■ Rooskleurig
Nederlanders denken vaak ten onrechte dat ze de taal van het vakantieland verstaan. Ze knikken ijverig als iemand iets uitlegt maar eigenlijk begrijpen ze er niets van. Velen schatten hun spreekvaardigheid nóg rooskleuriger in, maar dat komt waarschijnlijk doordat ze denken dat ze de buitenlander al een heel eind tegemoetkomen door in een koeterwaals van eigen fabricaat te spreken. Dat dit wangedrag helaas niet tot de vakanties beperkt is, bewijzen de collecties taalblunders in boekjes als I always get my sin en Lass mal sitzen.
Kan het erger? Zeker, er zijn landgenoten die denken dat iedereen eigenlijk Nederlands spreekt, maar stront in de oren heeft. Deze blijven gewoon Nederlands spreken, maar doen dat dan een beetje harder. Echt gebeurd, op een Spaans terras:
- Een glaasje melk alsjeblieft!
- ?
- Een GLAS MELK graag.
- ??
- Een. Glas. Melk.
- ???
- MÉL-LÚK.
Tegen deze achtergrond wordt een andere uitslag van de Taalunie-enquête wat begrijpelijker: meer dan 60% van de Nederlanders maakt het niet uit of ze naar een vakantieland gaan waar ze de taal niet van spreken.
Er is overigens wel een andere kant. Een forse minderheid van 20% geeft aan graag voor alle zekerheid een reisleider, gids of campingbeheerder te hebben die Nederlands spreekt. Het zou me niets verbazen als het werkelijke percentage veel hoger zou liggen omdat men zich hier eigenlijk een beetje voor schaamt.
Daar komt bij dat begrip relatief is. Je begrijpt altijd wel iets, maar je hebt meestal geen flauw idee hoeveel je níét begrepen hebt. Soms word je daar wel mee geconfronteerd. Zoals in een restaurant in Frankrijk, waar een Nederlandse man geen orgaanvlees wilde, en dus koos voor ‘rognons de veau’, want op grond van zijn school-Frans dacht hij dat hij dan wel reepjes kalfsvlees zou krijgen. Maar het bleken kalfsnieren te zijn. Via het woordenboek ontdekte hij naderhand dat een ‘rein’ (‘nier’) een ‘rognon’ wordt zodra je hem in de pan gooit.

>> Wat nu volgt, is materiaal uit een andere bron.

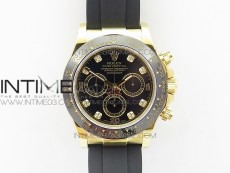 Daytona YG 116518LN JH Best Black Dial Diamond Markers On Rubber Strap A4130 (Free XS rubber strap)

Maar vaak is er ook meer dan alleen een béétje onbegrip. Een Nederlander vroeg in Frankrijk de weg. Uit de uitleg van de Fransman meende hij opgemaakt te hebben hoe hij verder moest, maar hij bleef maar ronddolen. Achteraf bleek dat hij de tunnel had gemist - geen wonder, want Fransen spreken dat woord uit als ‘tuunèl’, en dat had hij er in die Franse woordenstroom net even niet uitgehaald.